Please feel free to comment on our blog about your experiences and thoughts on USO and the crude oil market.

All the best,

Adam Hewison
President, INO.com
Co-creator, MarketClub

3 thoughts on “USO & Crude Oil On The Move

  1. The problem with the USO etf is that it loses value every time it rolls its positions in a contango market. If you'll notice the chart, the USO etf has remained flat for the past two months. However, the price of crude is up almost 50%. In other words, we could very well be in a bull market for commodities including oil, but this does not mean that the USO etf would be a great play. Should the market flip to backwardation then the USO etf would become a great play as the fund would gain value as it rolled contracts.

    1. Waubaugh,

      Great observation. As you may remember I'm not a big fan of ETFs.
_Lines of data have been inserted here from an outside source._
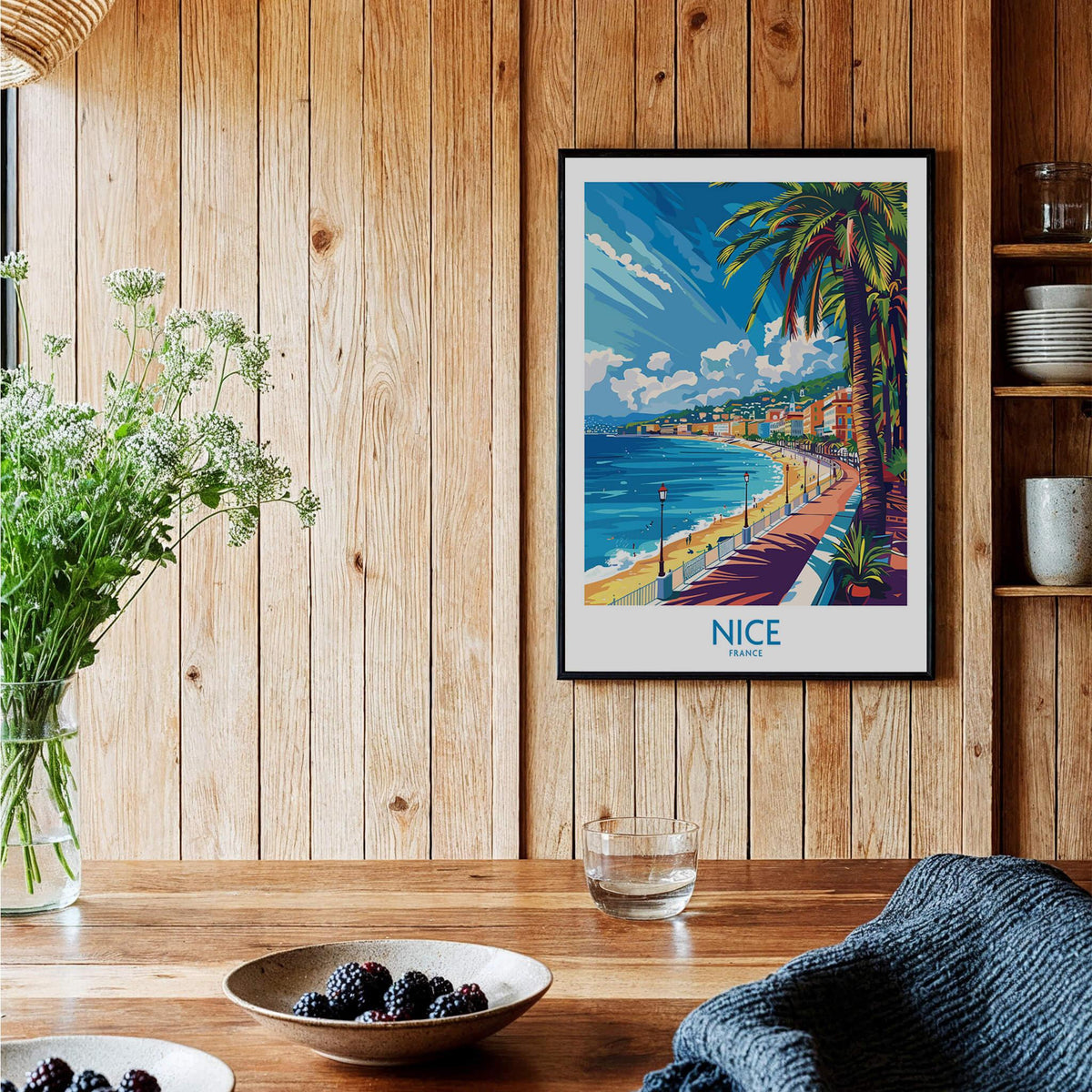 Nice Wall Art Poster - France displayed in a cozy room with wooden decor and vibrant coastal scenery.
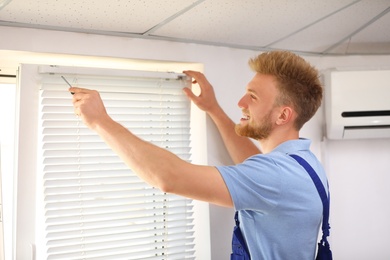 Image of Handyman with screwdriver installing window blinds indoors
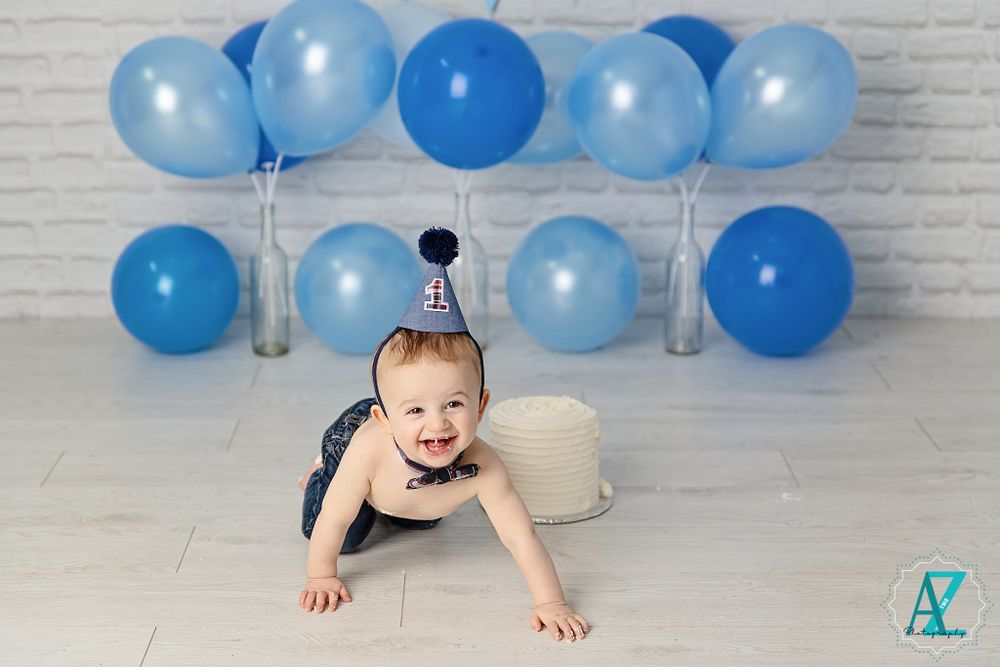 Blue balloon photo setup with crawling baby wearing party hat.
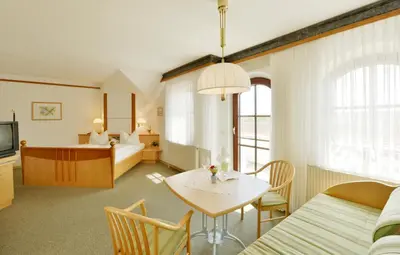Ein Sitzbereich in der Unterkunft Das-Schmidt Privathotel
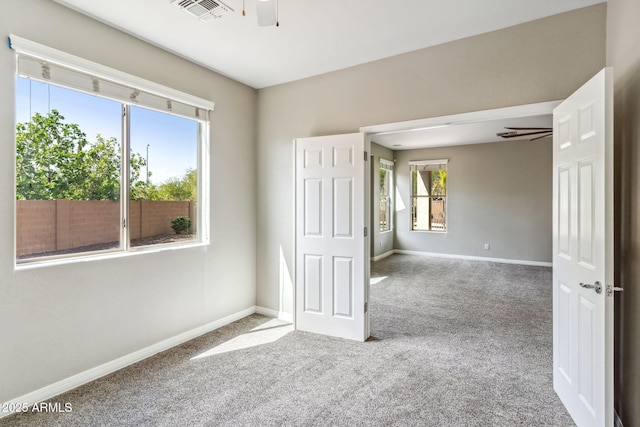 empty room with baseboards, carpet flooring, ceiling fan, and visible vents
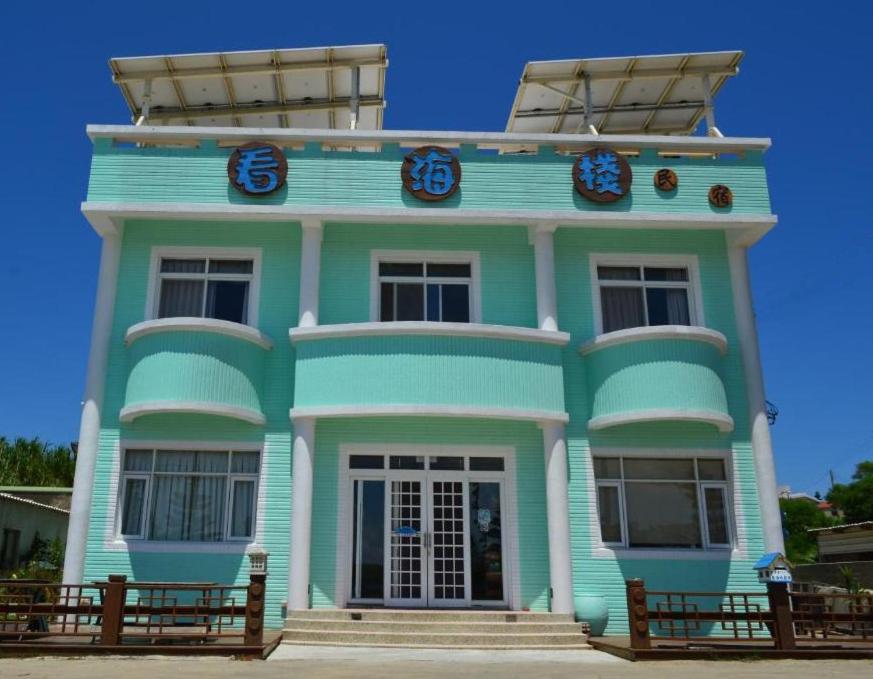 a blue building with clocks on the top of it at Sea Front Homestay in Magong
I would rather trade the underlying market in this case crude oil.

      Thank you for your feedback and all the best you.

      Adam

  2. i dont know if there is oil prices so high there is no way do survive to many countries of the wrld as we suffer a lot with 20 dollar oil prices in thrid world countries

    how you can let price go down unless you supress the labours with out decline in oil price cost in our economy it is obviously let world economy grow slower even after so many effort you took lately our goal will reach a minimum level and world conflict we can see continously survive and newly devlop countries will have not easy go way to the
    poverty elevations and comfortable life styles in coming years

Comments are closed.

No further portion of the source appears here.